Only the lines below, from the one with "Yardwe 2-pc Set" through the one with "Happy easter card", are to be written out, exactly.

** INPUT DATA **
════════════════════

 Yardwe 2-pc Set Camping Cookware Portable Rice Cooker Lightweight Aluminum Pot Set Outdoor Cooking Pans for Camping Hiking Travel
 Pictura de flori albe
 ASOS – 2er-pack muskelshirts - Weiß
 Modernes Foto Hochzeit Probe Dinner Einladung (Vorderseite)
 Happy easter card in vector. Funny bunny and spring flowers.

════════════════════

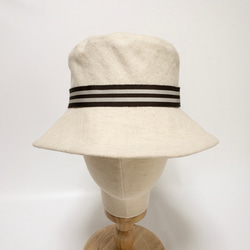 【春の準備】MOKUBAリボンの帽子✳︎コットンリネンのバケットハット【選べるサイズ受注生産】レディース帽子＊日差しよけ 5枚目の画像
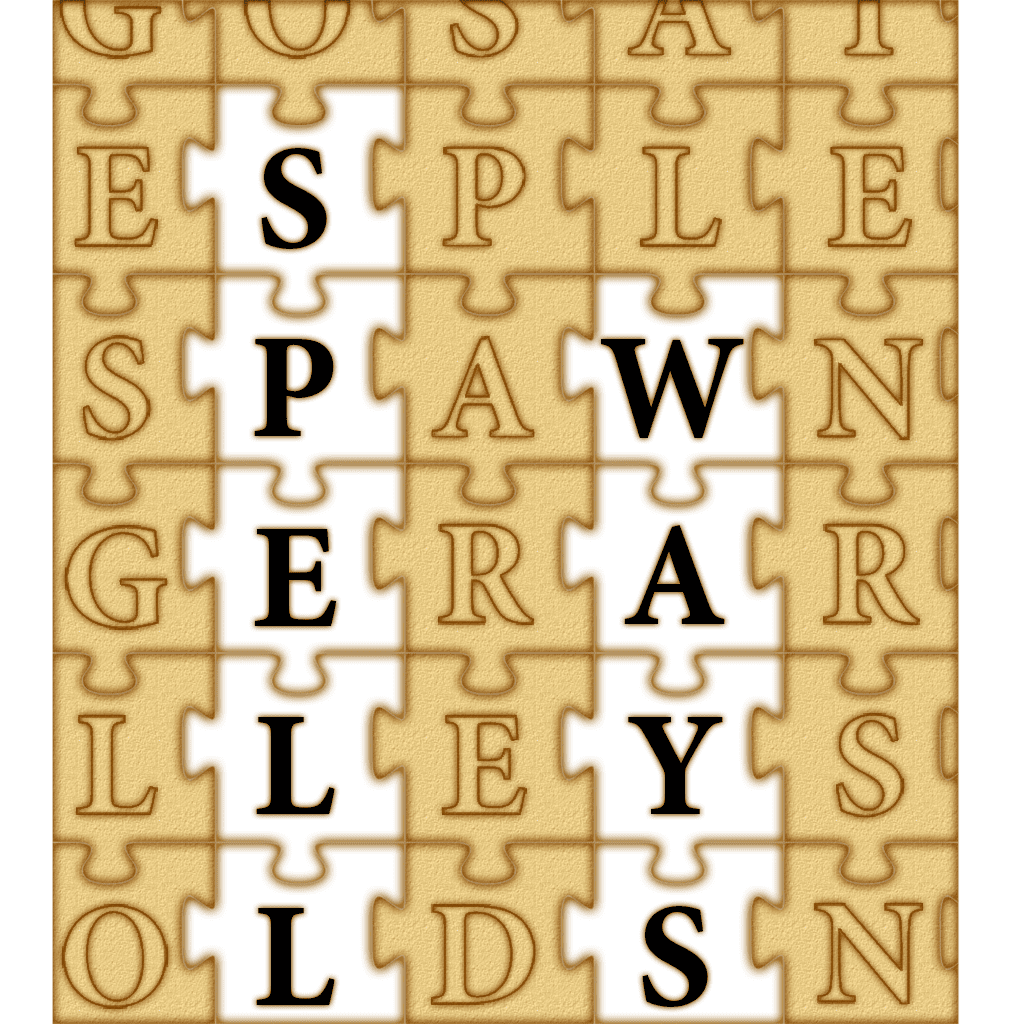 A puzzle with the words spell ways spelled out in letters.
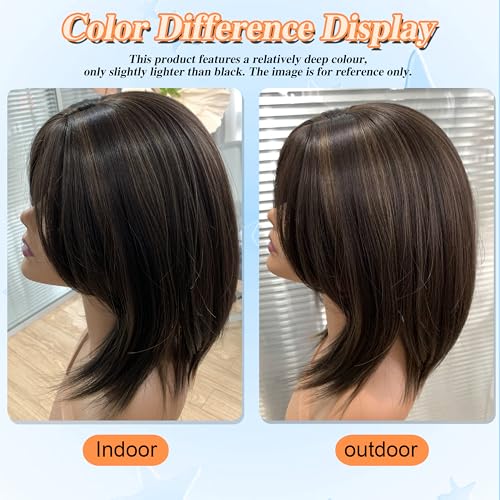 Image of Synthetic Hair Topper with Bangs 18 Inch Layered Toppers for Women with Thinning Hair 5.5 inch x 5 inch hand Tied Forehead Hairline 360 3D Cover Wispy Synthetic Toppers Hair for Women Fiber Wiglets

════════════════════

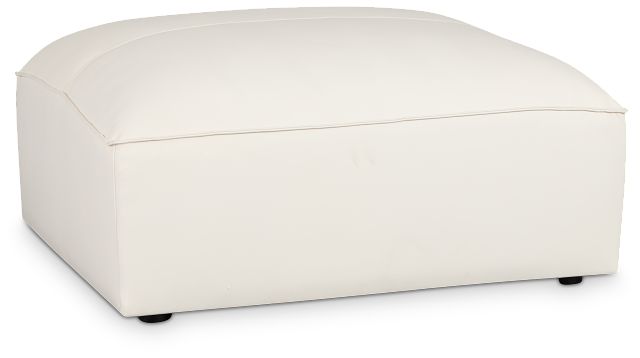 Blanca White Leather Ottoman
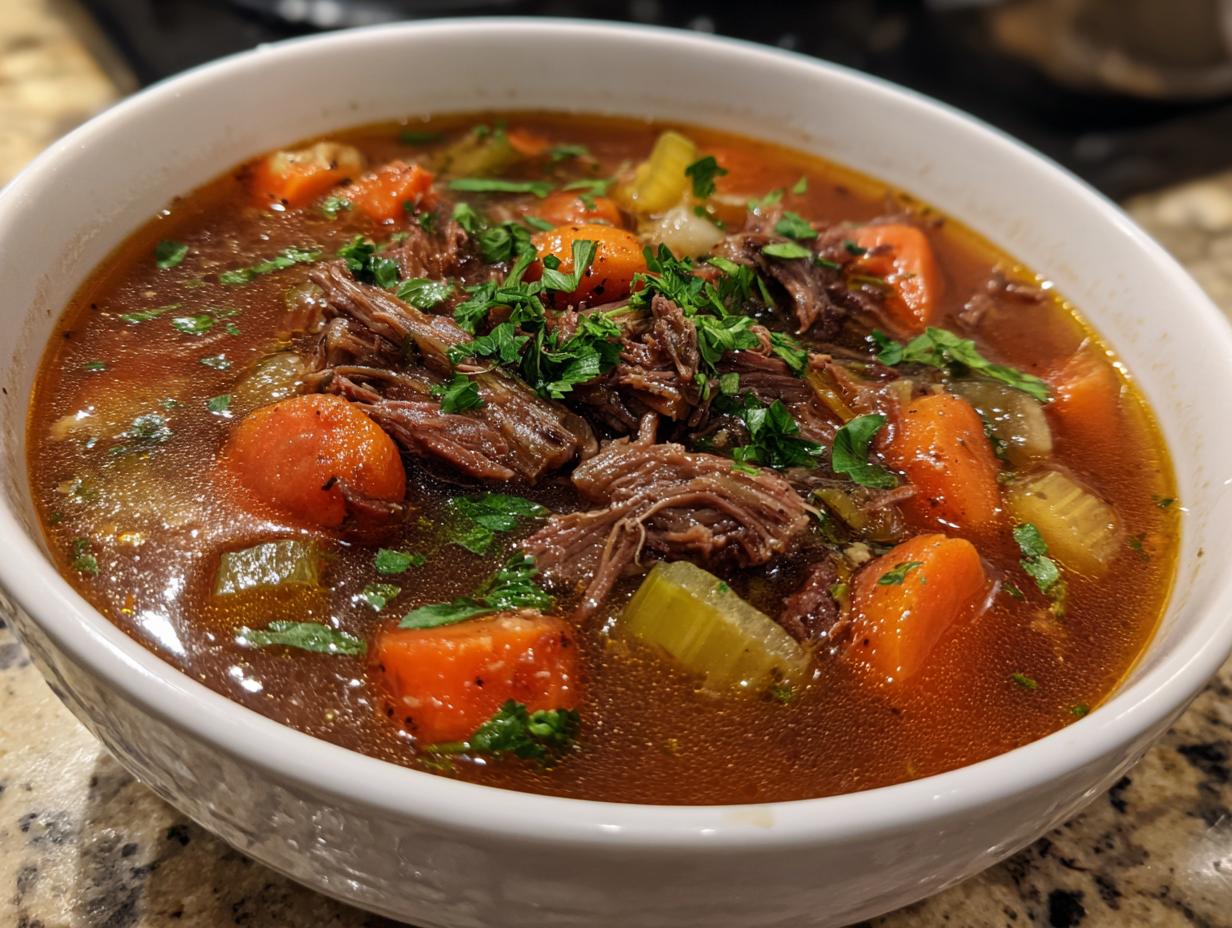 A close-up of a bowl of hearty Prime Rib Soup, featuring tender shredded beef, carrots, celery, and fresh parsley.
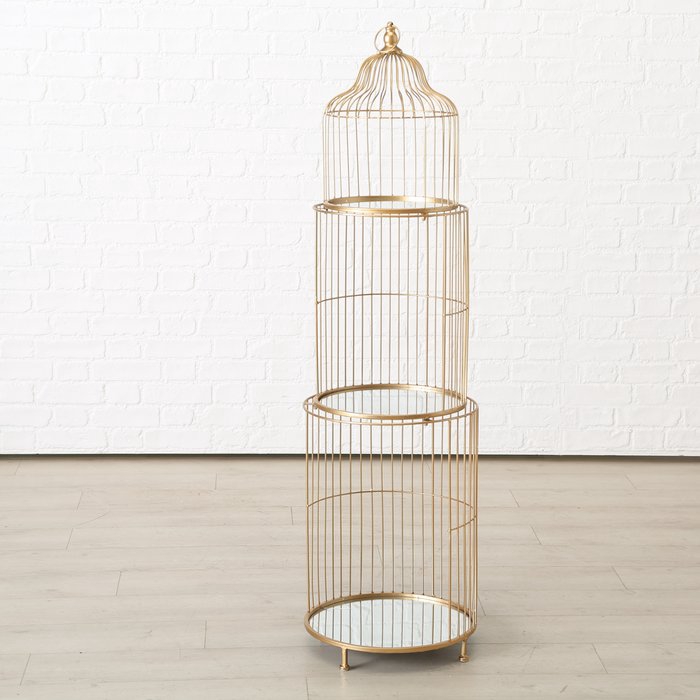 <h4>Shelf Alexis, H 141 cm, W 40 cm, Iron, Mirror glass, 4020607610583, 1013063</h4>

════════════════════

** TASK OUTPUT **
 Yardwe 2-pc Set Camping Cookware Portable Rice Cooker Lightweight Aluminum Pot Set Outdoor Cooking Pans for Camping Hiking Travel
 Pictura de flori albe
 ASOS – 2er-pack muskelshirts - Weiß
 Modernes Foto Hochzeit Probe Dinner Einladung (Vorderseite)
 Happy easter card in vector. Funny bunny and spring flowers.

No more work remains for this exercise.